• _The task_: Count the lines in the entries below that mention the string "viewer", then write that number by itself.
______________________________
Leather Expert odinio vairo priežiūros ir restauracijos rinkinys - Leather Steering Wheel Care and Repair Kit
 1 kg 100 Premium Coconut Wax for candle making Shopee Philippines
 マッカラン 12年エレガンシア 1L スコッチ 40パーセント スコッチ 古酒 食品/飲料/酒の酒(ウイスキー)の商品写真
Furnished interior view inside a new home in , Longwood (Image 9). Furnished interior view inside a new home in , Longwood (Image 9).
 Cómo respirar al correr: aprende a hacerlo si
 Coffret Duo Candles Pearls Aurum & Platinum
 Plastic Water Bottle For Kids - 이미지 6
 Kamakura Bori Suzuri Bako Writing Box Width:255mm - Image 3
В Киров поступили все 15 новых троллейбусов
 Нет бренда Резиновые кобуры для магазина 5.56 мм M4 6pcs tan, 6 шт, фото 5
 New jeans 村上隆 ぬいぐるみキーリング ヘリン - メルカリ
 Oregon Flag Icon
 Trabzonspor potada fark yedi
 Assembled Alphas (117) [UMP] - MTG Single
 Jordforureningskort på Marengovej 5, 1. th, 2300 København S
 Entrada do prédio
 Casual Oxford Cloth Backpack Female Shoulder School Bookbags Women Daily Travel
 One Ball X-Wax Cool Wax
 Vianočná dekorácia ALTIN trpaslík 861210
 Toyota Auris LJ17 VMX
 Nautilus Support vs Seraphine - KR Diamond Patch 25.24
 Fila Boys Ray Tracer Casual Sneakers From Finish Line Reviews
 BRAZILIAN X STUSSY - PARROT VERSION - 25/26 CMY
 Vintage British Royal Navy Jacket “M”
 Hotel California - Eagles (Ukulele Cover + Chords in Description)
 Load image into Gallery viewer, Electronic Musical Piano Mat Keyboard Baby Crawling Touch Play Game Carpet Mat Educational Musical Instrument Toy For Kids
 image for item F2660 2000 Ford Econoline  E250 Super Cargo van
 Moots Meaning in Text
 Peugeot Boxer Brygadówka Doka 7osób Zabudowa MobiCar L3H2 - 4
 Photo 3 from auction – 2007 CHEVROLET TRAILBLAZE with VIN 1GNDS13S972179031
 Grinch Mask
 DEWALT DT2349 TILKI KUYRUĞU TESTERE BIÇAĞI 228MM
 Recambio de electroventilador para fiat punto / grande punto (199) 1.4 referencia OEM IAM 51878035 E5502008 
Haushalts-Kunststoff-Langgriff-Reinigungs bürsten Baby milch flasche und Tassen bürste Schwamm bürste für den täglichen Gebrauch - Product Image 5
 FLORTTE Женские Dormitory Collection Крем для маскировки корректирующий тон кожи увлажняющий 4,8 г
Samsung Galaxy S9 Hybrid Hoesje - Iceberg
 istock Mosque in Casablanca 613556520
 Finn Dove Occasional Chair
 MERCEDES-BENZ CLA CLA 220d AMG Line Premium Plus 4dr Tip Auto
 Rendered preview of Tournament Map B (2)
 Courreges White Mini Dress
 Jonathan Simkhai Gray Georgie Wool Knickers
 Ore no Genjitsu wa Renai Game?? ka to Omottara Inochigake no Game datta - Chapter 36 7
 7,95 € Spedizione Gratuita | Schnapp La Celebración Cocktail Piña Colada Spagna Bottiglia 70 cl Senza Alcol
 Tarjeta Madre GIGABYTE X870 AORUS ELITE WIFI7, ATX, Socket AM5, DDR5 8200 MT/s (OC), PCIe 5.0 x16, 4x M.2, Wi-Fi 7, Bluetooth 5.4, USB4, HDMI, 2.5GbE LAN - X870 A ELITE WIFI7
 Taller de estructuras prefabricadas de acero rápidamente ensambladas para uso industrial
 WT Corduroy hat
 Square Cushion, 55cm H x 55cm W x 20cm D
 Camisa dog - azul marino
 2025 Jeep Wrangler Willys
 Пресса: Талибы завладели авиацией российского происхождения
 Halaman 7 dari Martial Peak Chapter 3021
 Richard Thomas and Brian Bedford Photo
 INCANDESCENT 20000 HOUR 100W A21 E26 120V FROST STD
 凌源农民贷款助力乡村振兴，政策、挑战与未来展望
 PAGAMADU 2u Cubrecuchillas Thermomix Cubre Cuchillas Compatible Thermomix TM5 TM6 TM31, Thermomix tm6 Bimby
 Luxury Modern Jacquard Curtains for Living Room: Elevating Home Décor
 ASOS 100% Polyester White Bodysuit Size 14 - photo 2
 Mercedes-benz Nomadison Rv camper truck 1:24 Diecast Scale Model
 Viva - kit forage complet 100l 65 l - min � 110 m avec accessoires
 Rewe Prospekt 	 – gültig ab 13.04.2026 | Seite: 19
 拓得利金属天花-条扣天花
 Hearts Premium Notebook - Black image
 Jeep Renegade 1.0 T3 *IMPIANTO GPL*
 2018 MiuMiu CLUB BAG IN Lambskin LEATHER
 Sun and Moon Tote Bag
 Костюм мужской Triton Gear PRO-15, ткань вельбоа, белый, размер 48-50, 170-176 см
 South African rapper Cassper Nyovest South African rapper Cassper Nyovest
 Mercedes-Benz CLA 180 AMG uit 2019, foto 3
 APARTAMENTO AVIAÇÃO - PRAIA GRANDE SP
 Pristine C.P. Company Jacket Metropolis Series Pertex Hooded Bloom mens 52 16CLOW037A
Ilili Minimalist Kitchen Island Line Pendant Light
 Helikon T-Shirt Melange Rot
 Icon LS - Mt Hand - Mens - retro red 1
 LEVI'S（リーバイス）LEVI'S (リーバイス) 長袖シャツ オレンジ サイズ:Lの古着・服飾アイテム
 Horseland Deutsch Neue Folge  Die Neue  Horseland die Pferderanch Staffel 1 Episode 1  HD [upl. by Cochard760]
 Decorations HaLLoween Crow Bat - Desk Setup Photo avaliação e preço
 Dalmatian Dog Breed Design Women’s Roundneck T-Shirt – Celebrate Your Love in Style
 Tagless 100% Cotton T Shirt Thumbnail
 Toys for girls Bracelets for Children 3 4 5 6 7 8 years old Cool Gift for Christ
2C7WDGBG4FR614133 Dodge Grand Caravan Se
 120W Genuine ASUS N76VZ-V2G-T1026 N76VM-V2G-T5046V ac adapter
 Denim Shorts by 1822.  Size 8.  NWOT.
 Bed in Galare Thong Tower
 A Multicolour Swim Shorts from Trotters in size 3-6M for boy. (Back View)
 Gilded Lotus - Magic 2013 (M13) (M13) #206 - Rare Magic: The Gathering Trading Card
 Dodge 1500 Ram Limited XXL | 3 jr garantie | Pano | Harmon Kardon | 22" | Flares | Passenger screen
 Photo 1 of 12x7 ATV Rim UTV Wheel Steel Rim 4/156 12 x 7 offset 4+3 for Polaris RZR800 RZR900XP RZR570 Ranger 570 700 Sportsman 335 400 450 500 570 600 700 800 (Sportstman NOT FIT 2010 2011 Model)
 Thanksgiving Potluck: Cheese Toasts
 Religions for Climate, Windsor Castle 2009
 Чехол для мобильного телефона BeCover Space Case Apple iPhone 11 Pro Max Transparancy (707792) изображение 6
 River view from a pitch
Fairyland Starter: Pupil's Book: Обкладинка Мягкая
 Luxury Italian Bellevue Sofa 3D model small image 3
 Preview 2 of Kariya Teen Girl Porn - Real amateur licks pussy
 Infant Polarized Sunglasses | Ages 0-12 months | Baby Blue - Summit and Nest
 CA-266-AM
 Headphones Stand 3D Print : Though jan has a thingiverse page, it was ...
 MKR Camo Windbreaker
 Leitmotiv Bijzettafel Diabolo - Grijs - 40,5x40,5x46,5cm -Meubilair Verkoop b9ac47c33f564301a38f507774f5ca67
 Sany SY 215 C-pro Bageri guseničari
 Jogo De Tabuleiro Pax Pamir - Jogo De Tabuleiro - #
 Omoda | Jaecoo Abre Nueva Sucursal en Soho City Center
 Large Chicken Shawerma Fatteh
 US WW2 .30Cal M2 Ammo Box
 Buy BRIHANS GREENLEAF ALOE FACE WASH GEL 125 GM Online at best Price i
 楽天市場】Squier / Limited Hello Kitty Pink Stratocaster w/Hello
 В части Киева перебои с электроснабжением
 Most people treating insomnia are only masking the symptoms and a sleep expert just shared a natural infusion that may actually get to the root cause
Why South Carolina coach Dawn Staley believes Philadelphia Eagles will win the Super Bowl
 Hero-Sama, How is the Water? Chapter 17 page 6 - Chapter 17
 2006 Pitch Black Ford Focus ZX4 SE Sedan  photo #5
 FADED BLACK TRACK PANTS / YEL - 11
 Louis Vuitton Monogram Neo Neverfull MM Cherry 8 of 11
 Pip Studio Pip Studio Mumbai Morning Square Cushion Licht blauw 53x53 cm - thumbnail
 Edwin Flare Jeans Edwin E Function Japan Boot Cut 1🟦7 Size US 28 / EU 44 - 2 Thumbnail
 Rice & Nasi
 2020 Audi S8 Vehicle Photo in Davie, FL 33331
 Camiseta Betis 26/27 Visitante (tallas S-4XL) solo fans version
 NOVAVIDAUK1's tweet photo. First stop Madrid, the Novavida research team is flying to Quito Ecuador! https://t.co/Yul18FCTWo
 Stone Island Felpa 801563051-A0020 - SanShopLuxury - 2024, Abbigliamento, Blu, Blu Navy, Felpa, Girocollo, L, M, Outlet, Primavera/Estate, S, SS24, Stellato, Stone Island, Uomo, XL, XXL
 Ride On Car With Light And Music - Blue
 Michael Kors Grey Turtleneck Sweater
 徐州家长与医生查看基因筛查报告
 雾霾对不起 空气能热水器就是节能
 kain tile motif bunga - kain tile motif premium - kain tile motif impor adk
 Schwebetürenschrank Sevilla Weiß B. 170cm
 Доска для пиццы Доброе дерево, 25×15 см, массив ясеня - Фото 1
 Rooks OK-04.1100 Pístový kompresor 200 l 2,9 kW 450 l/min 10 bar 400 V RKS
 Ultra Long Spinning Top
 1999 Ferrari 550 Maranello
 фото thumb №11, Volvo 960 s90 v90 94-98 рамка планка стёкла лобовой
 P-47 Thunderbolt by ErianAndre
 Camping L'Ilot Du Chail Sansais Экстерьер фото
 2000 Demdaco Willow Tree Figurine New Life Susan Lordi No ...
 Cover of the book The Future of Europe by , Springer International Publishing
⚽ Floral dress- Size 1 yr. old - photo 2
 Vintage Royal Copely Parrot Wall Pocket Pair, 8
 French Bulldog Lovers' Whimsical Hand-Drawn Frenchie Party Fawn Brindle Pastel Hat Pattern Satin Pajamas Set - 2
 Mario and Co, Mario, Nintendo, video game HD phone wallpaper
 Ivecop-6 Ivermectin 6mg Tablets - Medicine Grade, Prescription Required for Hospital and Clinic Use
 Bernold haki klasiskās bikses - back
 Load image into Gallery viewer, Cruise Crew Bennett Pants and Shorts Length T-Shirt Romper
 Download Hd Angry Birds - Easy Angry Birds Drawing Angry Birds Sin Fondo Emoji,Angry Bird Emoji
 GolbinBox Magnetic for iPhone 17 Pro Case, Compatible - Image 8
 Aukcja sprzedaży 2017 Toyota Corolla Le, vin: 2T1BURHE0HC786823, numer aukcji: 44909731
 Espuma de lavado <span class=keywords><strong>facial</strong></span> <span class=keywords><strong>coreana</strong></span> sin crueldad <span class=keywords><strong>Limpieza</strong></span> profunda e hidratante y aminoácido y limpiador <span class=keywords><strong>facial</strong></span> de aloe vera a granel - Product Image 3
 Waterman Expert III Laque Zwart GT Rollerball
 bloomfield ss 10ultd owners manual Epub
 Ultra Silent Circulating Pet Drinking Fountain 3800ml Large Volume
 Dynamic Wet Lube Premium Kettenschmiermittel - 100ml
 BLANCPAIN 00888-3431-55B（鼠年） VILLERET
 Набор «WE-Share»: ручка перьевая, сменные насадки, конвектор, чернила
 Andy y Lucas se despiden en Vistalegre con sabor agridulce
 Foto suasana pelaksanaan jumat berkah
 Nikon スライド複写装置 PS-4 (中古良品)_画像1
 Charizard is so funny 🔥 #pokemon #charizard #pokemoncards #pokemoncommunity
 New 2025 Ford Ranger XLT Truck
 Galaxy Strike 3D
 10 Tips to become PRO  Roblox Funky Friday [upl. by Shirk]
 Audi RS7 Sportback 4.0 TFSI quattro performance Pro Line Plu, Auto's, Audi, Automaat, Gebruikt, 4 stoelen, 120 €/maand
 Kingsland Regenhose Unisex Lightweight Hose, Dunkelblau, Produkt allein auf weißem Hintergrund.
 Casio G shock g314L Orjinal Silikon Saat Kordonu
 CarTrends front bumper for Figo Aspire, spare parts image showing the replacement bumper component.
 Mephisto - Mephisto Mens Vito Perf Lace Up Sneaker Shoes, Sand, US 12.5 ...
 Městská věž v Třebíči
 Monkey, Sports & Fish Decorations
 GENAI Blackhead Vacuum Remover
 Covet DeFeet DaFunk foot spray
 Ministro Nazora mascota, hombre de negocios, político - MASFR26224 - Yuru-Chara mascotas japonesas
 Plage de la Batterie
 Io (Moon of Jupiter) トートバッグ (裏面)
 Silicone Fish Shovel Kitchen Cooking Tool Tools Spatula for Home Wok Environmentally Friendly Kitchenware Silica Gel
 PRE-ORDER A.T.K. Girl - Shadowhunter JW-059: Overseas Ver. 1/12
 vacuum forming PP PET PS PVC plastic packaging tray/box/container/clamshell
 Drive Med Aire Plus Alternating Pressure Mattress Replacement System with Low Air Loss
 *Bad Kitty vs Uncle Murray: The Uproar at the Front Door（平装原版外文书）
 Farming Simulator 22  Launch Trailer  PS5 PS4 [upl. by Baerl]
______________________________
• _Expected output_: 2